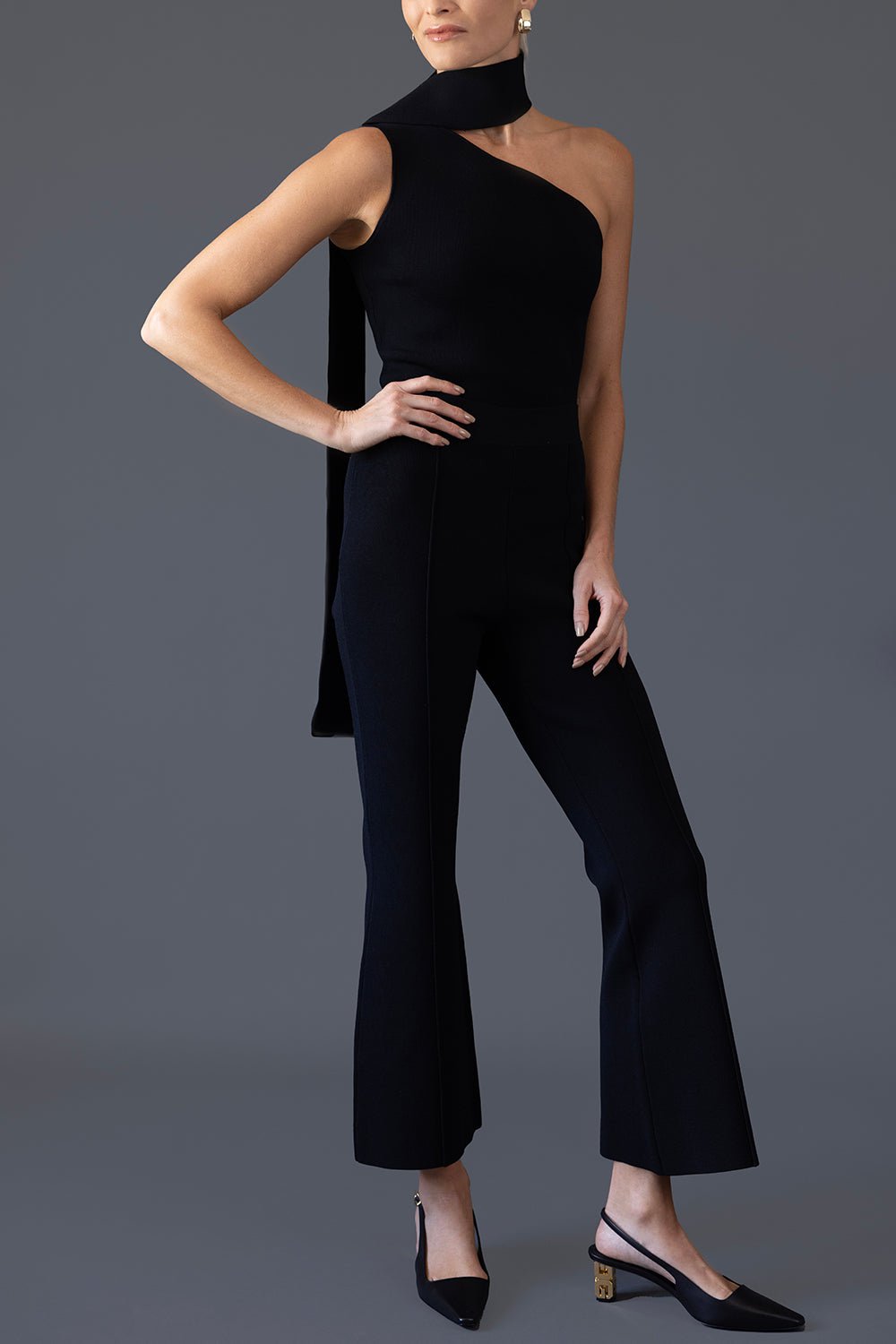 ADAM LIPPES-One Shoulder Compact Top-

--

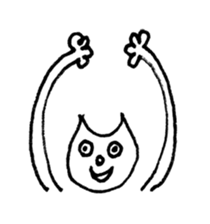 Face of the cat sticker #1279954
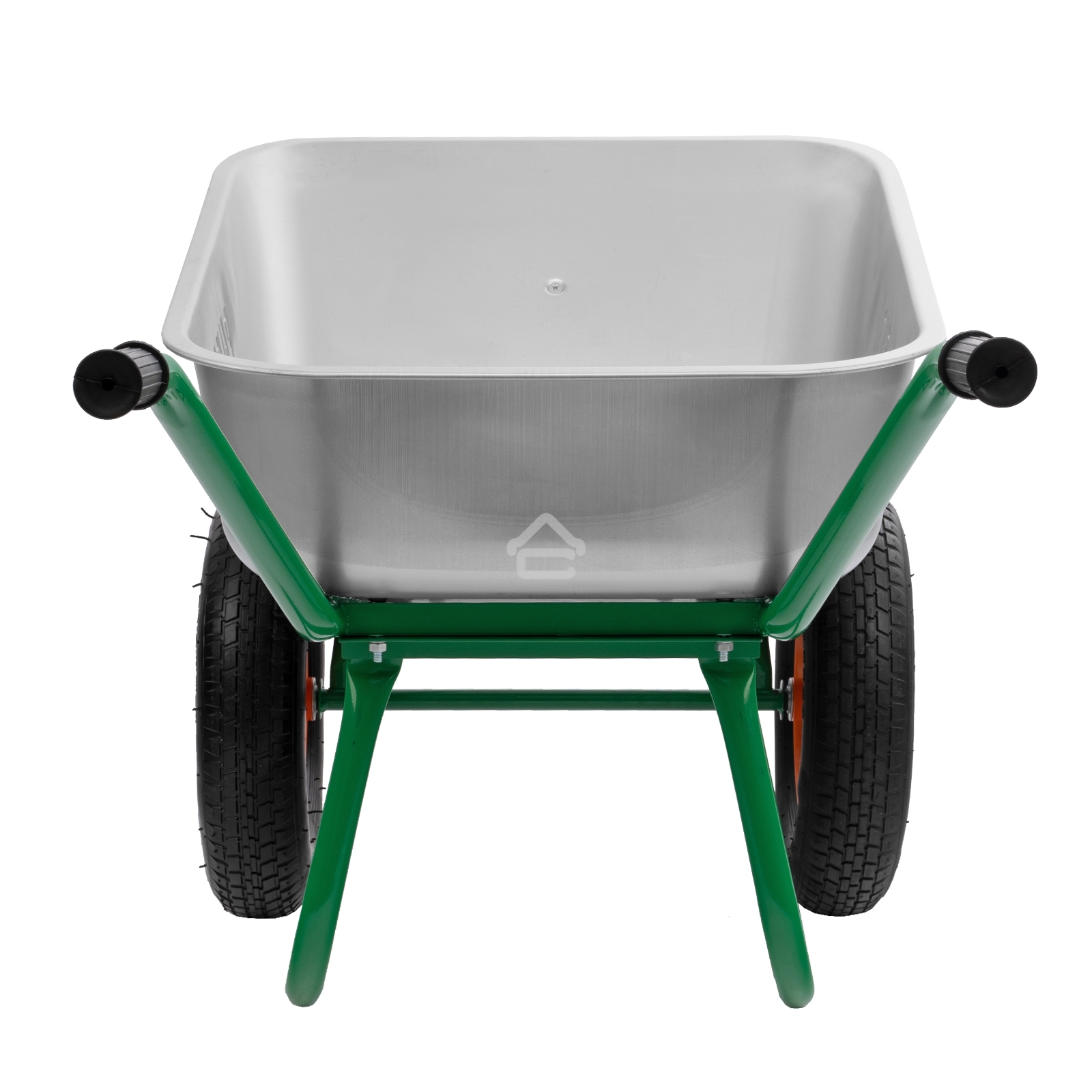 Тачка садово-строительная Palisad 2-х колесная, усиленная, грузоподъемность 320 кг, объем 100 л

## Directions for this task
Copy word for word only the lines above from the one with "Face of the cat sticker #1279954" through the one with "Тачка садово-строительная Palisad". Leave pictures out.

## Solution
 Face of the cat sticker #1279954
 Тачка садово-строительная Palisad 2-х колесная, усиленная, грузоподъемность 320 кг, объем 100 л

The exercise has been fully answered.